Extracted data entries
____
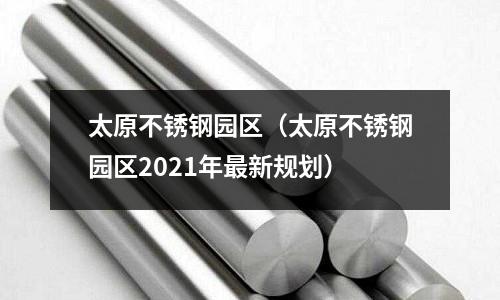 太原不銹鋼園區(qū)（太原不銹鋼園區(qū)2021年最新規(guī)劃）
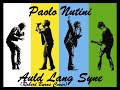 Paolo Nutini - Auld Lang Syne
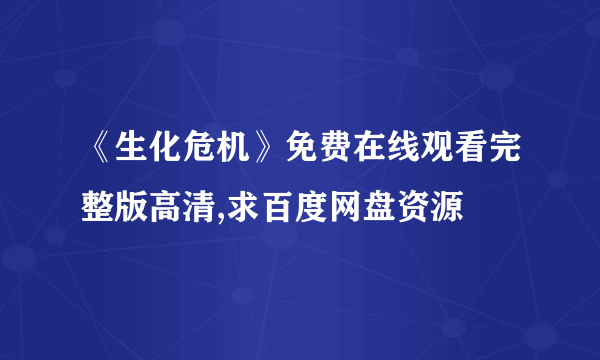 《生化危机》免费在线观看完整版高清,求百度网盘资源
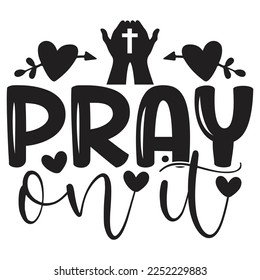 Pray On It - Christian Jesus Quotes T-shirt And SVG Design. Religious Motivational Inspirational SVG Quotes T shirt Design, Vector EPS Editable Files.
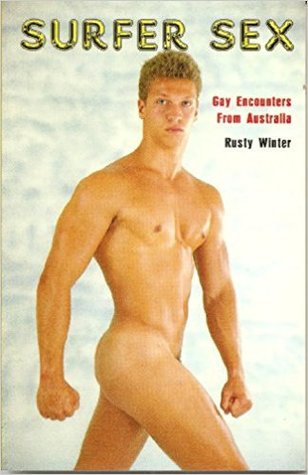 Surfer Sex: True Gay Encounters from Australia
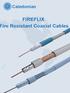 Caledonian. FIREFLIX ire Resistant Coaxial Cables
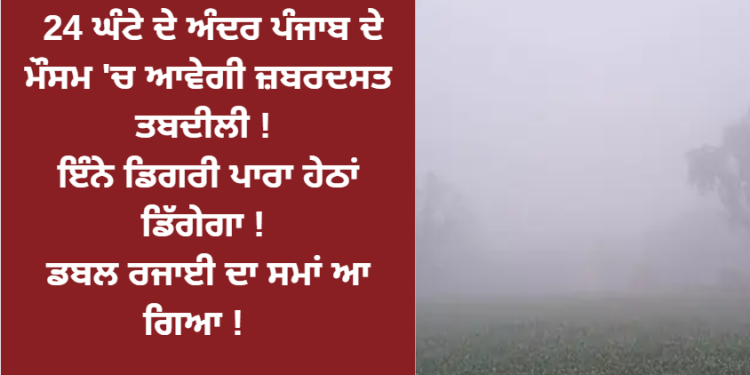 24 ਘੰਟੇ ਦੇ ਅੰਦਰ ਪੰਜਾਬ ਦੇ ਮੌਸਮ ‘ਚ ਆਵੇਗੀ ਜ਼ਬਰਦਸਤ ਤਬਦੀਲੀ !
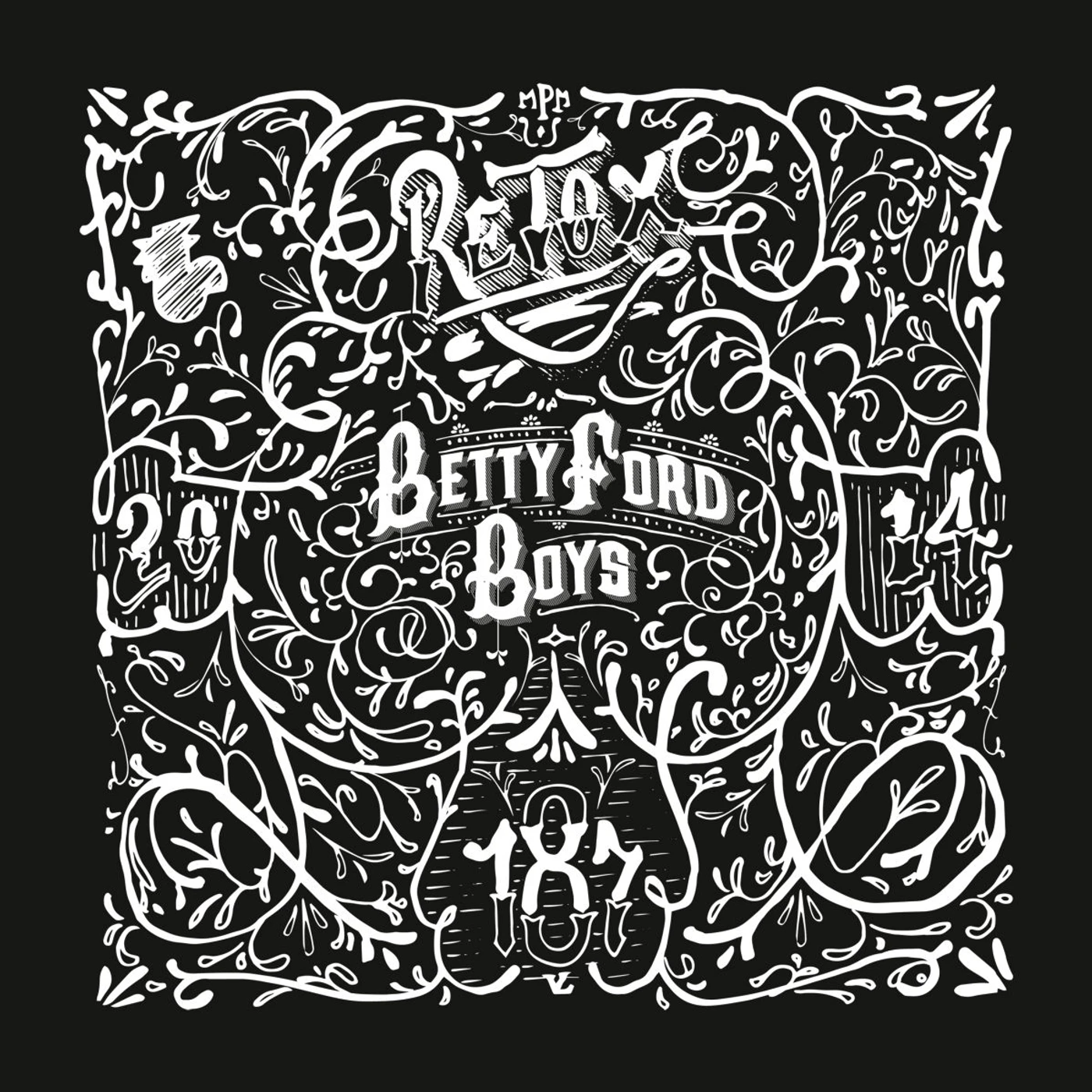 Betty Ford Boys RETOX CD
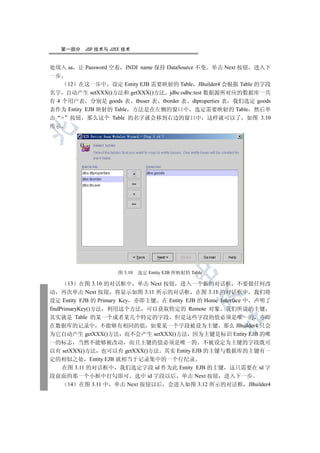 第一部分   JSP 技术与 J2EE 技术


处填入 sa 让 Password 空着 JNDI name 保持 DataSource 不变 单击 Next 按钮 进入下
一步
     12 在这一步中 设定 Entity EJB 需要映射的 Table JBuilder4 会根据 Table 的字段
名字 自动产生 setXXX()方法和 getXXX()方法 jdbc:odbc:test 数据源所对应的数据库一共
有 4 个用户表 分别是 goods 表 tbuser 表 tborder 表 dtproperties 表 我们选定 goods
表作为 Entity EJB 映射的 Table 方法是在左侧的窗口中 选定需要映射的 Table 然后单
击  按钮 那么这个 Table 的名字就会移到右边的窗口中 这样就可以了 如图 3.10
所示

  
         
          
                         
                                   
                                            

                      图 3.10   选定 Entity EJB 所映射的 Table

       13 在图 3.10 的对话框中 单击 Next 按钮 进入一个新的对话框 不要做任何改
动 再次单击 Next 按钮 将显示如图 3.11 所示的对话框 在图 3.11 的对话框中 我们将
                                                     

设定 Entity EJB 的 Primary Key 亦即主键 在 Entity EJB 的 Home Interface 中 声明了
findPrimaryKey()方法 利用这个方法 可以获取特定的 Remote 对象 我们所说的主键
其实就是 Table 的某一个或者某几个特定的字段 但是这些字段的值必须是唯一的 亦即
                                                          	

在数据库的记录中 不能够有相同的值 如果某一个字段被设为主键 那么 JBuilder4 只会
为它自动产生 getXXX()方法 而不会产生 setXXX()方法 因为主键是标识 Entity EJB 的唯
一的标志 当然不能够被改动 而且主键的值必须是唯一的 不被设定为主键的字段既可
以有 setXXX()方法 也可以有 getXXX()方法 其实 Entity EJB 的主键与数据库的主键有一
定的相似之处 Entity EJB 就相当于记录集中的一个行纪录
   在图 3.11 的对话框中 我们选定字段 id 作为此 Entity EJB 的主键 这只需要在 id 字
段前面的那一个小框中打勾即可 选中 id 字段以后 单击 Next 按钮 进入下一步
     14 在图 3.11 中 单击 Next 按钮以后 会进入如图 3.12 所示的对话框 JBuilder4
 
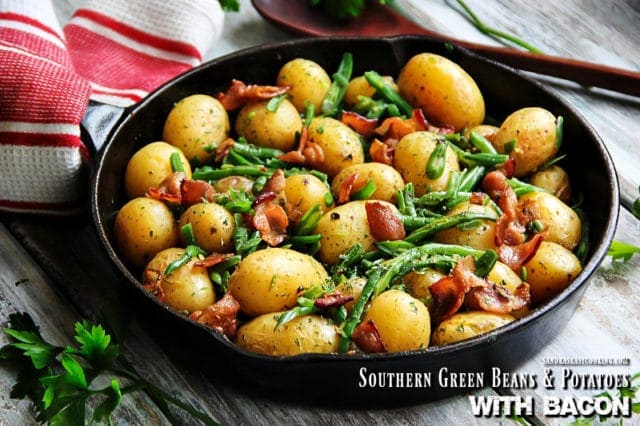 Southern Green beans and New Potatoes with Bacon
____
YOUR TASK: The required answer is the run of lines above, starting at the line with "设定 Entity EJB 的" and ending at the line with "一的标志 当然不能够被改动 而且主键的值必须是唯一的 不被设定为主键的字段既可", reproduced exactly with both ends.

PROBLEM SOLUTION:
设定 Entity EJB 的 Primary Key 亦即主键 在 Entity EJB 的 Home Interface 中 声明了
findPrimaryKey()方法 利用这个方法 可以获取特定的 Remote 对象 我们所说的主键
其实就是 Table 的某一个或者某几个特定的字段 但是这些字段的值必须是唯一的 亦即
                                                          	

在数据库的记录中 不能够有相同的值 如果某一个字段被设为主键 那么 JBuilder4 只会
为它自动产生 getXXX()方法 而不会产生 setXXX()方法 因为主键是标识 Entity EJB 的唯
一的标志 当然不能够被改动 而且主键的值必须是唯一的 不被设定为主键的字段既可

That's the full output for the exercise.